A recent University of California study, found all forms of fruits and veggies—canned, cooked fresh, and frozen—are nutritionally similar and can contribute to a healthful eating plan.
The canning process locks in nutrients at their peak of freshness, and due to the lack of oxygen during the storage period, canned fruits and vegetables remain relatively stable up until the time they are consumed and have a longer shelf life. In contrast, some fresh vegetables, such as spinach and green beans, lose up to 75% of their vitamin C within seven days of harvest, even when held at the recommended refrigerator temperature, according to the study.
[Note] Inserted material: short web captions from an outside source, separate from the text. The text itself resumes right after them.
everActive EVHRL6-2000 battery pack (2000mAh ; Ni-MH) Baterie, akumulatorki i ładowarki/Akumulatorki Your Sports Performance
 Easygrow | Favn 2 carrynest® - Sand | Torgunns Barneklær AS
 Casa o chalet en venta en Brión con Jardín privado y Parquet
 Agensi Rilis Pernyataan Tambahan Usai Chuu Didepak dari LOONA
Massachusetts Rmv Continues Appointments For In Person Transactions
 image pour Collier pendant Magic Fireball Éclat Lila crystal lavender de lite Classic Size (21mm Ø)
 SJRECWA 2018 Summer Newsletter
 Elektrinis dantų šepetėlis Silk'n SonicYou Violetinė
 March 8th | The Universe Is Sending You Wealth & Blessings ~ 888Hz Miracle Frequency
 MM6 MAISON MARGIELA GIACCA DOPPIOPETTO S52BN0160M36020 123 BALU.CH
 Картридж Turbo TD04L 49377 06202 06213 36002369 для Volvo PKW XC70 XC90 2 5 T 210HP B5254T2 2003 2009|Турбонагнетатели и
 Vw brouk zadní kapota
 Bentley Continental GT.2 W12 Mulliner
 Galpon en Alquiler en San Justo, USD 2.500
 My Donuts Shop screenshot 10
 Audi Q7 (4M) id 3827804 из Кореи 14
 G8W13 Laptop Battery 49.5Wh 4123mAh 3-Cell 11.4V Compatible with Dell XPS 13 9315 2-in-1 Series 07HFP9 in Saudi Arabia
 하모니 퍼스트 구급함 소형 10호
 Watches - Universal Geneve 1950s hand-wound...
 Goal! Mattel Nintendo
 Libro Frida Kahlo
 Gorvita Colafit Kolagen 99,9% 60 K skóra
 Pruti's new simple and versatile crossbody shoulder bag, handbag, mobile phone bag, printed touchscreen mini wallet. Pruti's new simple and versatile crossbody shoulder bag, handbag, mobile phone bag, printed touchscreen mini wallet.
Tomatoes are a great example of a vegetable that is sometimes better canned. They’re more flavorful than fresh hothouse tomatoes, and nutritionally speaking, the body’s ability to use the heart-healthy antioxidant lycopene found in tomatoes is greater when tomatoes are cooked or canned because of the heat from the canning process.
Well, “I declare!” as my grandmother always said when astounded by something. One-half cup of canned tomatoes provides 11.8 milligrams of lycopene compared to just 3.7 milligrams found in one medium fresh uncooked tomato. Canned tomatoes and tomato sauces are among the best sources of the heart-healthy antioxidant lycopene.”
Canned foods retain their nutrients for up to two years, and canneries are often located within a few miles of the field, helping ensure that canned food is processed at its peak.
When my garden starts coming in, I’ll have my water bath ready. I’m already feeling very virtuous – canning my own fruits and vegetables and wearing my new “I Love Lucy” apron, Olivia game me for my last birthday – even have matching rubber gloves.